Material shown
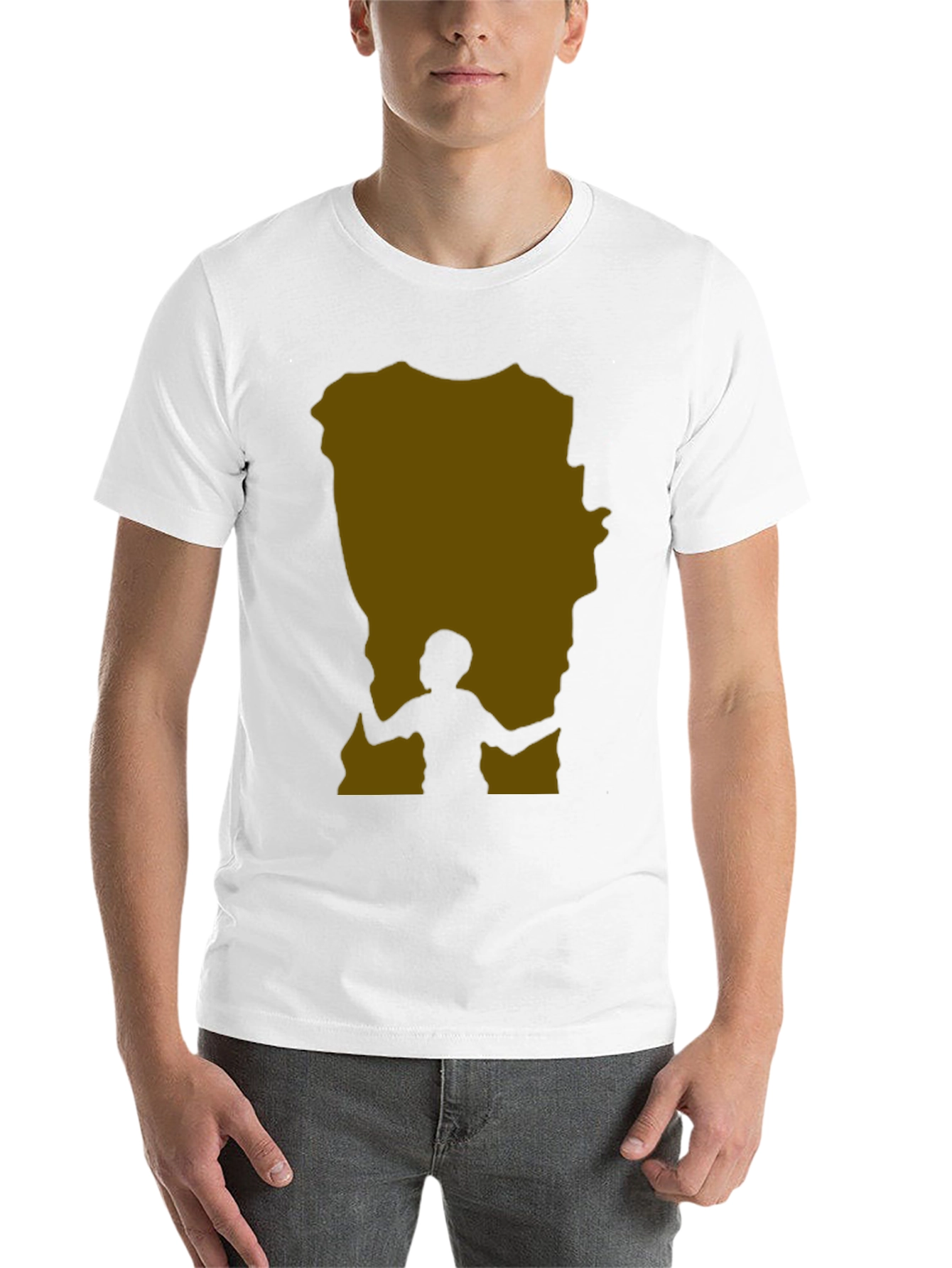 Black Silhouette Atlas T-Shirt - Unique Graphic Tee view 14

* * *

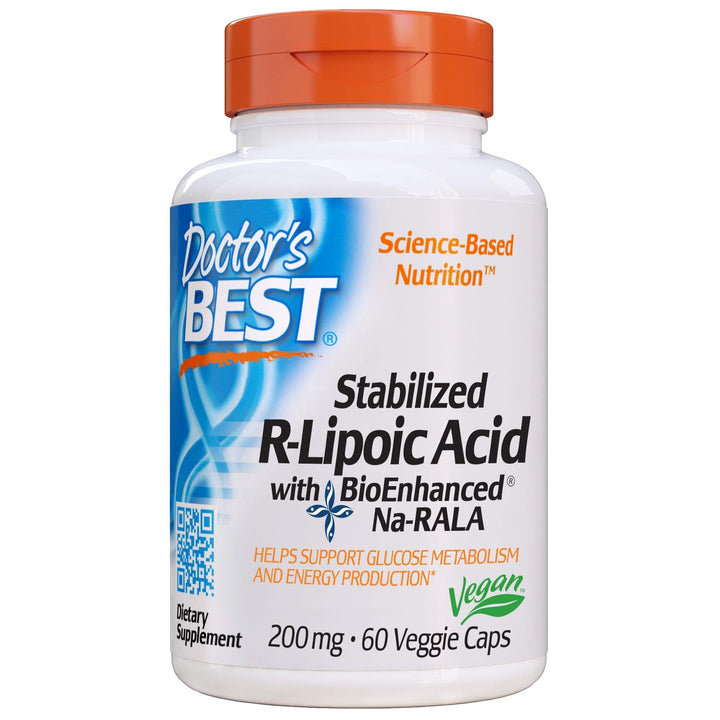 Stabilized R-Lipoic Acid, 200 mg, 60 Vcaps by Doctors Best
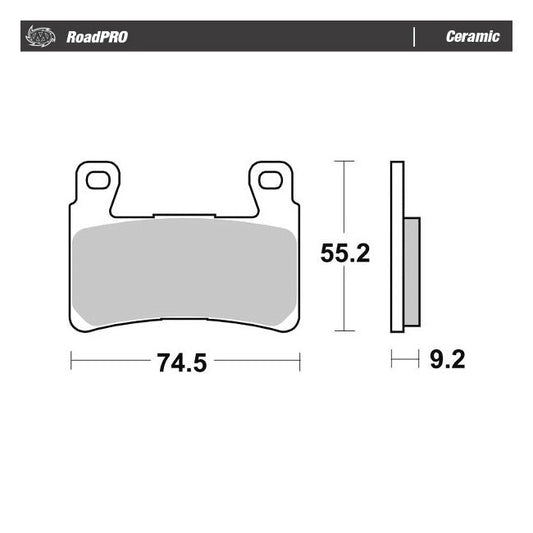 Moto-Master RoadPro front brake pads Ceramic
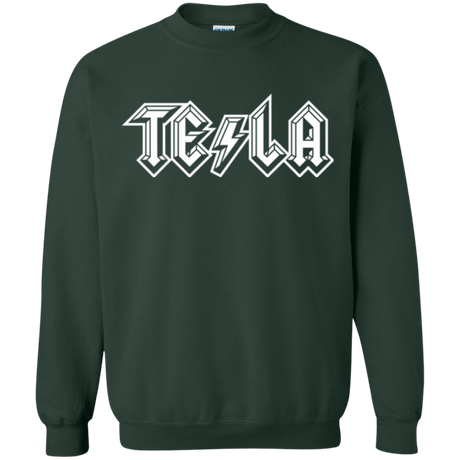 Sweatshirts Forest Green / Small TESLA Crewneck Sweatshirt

What this task involves
Looking above, find the stretch of lines that opens with the one holding "Moto-Master RoadPro front brake pads Ceramic" and closes with the one holding "Sweatshirts Forest Green". Copy it exactly, pictures excluded.

Solution to this task
 Moto-Master RoadPro front brake pads Ceramic
 Sweatshirts Forest Green / Small TESLA Crewneck Sweatshirt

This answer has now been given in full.